• _Brief descriptive captions_:
+++++

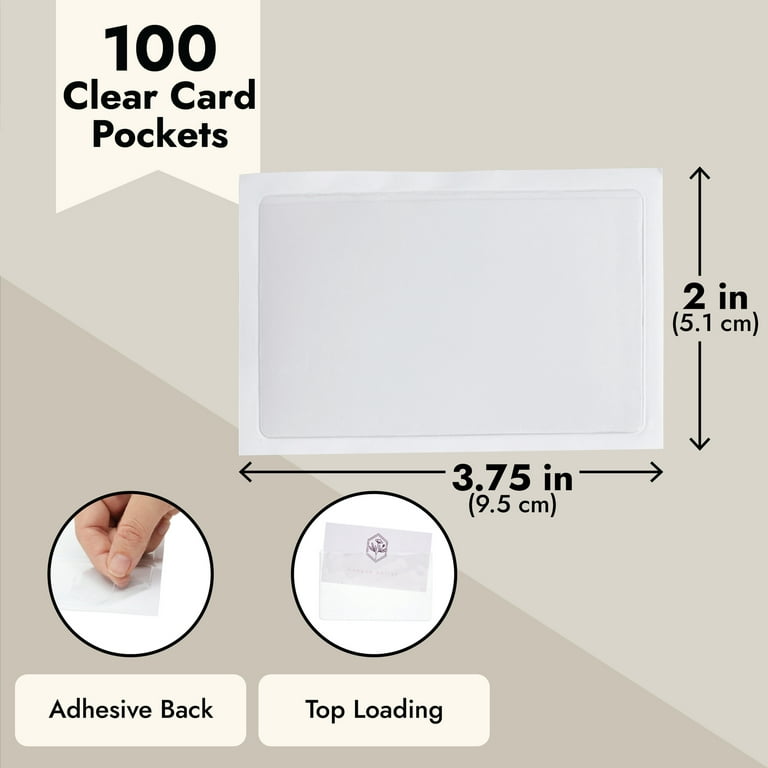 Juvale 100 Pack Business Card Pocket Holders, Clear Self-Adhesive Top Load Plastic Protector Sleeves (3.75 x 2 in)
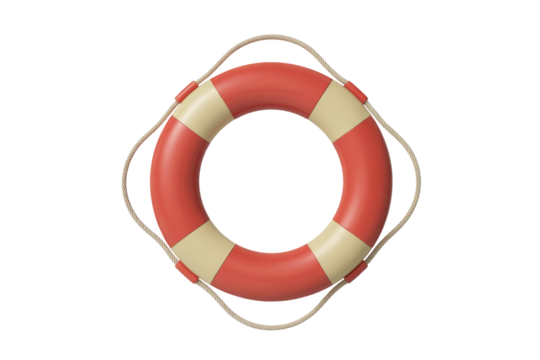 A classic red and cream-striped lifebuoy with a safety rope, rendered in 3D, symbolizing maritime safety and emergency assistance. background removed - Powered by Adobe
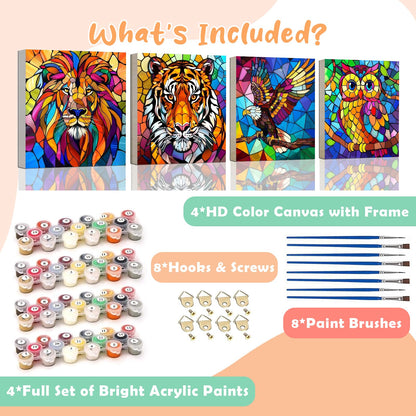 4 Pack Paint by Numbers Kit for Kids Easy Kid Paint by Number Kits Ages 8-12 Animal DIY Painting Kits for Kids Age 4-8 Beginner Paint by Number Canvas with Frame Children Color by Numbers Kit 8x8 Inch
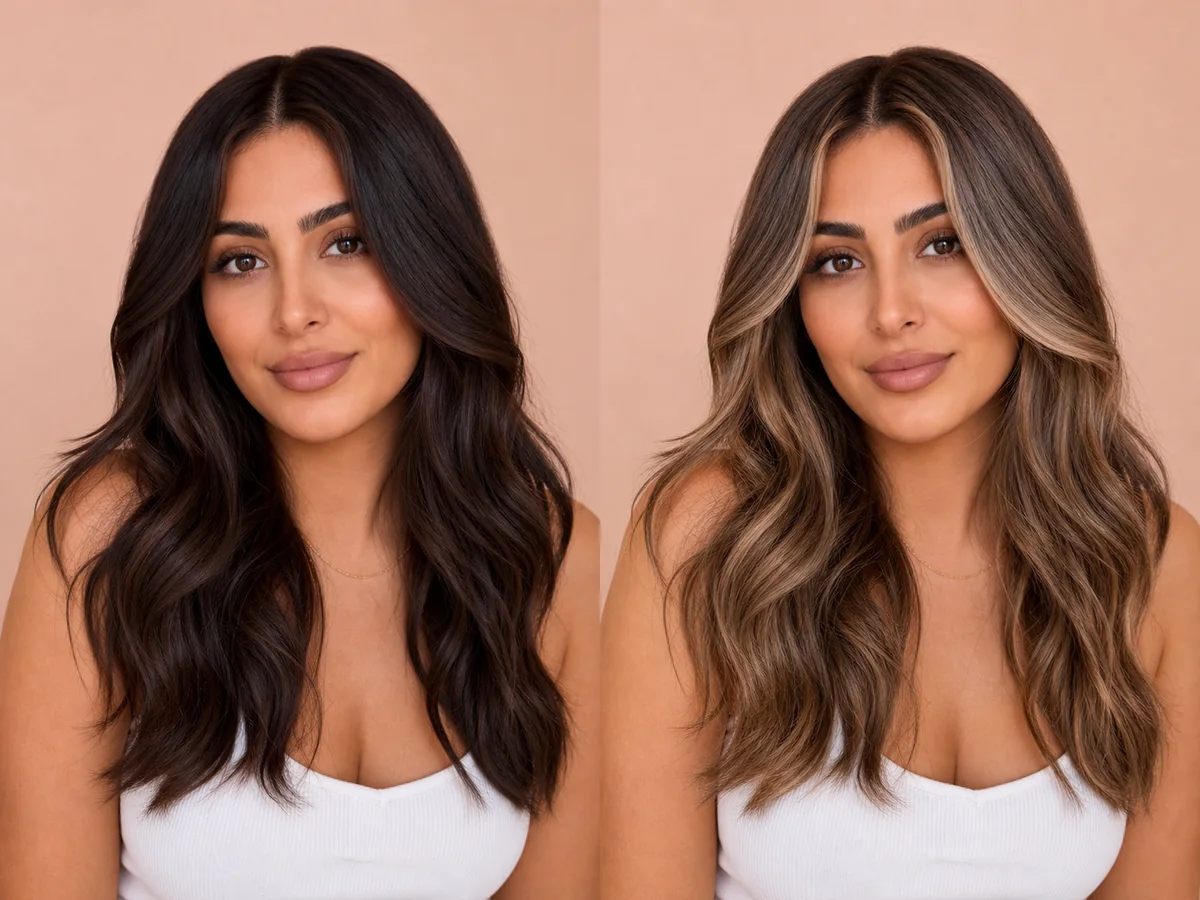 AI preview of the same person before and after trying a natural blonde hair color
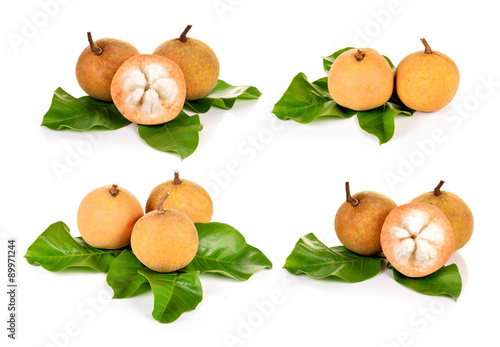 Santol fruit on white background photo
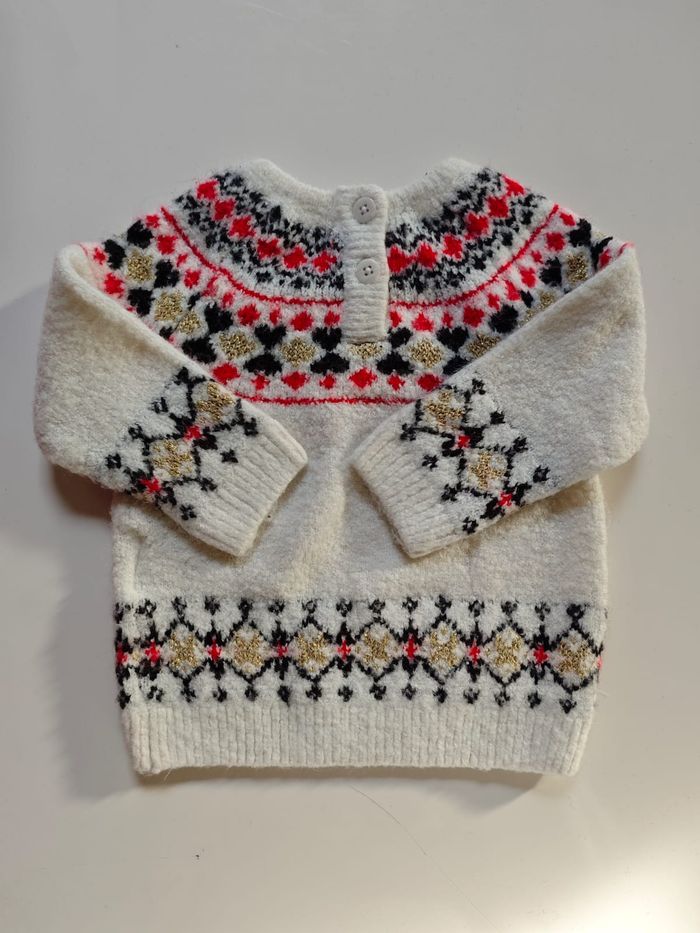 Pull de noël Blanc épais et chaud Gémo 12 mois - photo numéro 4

+++++

• _Task to complete_:
What you give back must match the entries exactly, apart from the omitted pictures.

• _Result_:
 Juvale 100 Pack Business Card Pocket Holders, Clear Self-Adhesive Top Load Plastic Protector Sleeves (3.75 x 2 in)
 A classic red and cream-striped lifebuoy with a safety rope, rendered in 3D, symbolizing maritime safety and emergency assistance. background removed - Powered by Adobe
 4 Pack Paint by Numbers Kit for Kids Easy Kid Paint by Number Kits Ages 8-12 Animal DIY Painting Kits for Kids Age 4-8 Beginner Paint by Number Canvas with Frame Children Color by Numbers Kit 8x8 Inch
 AI preview of the same person before and after trying a natural blonde hair color
 Santol fruit on white background photo
 Pull de noël Blanc épais et chaud Gémo 12 mois - photo numéro 4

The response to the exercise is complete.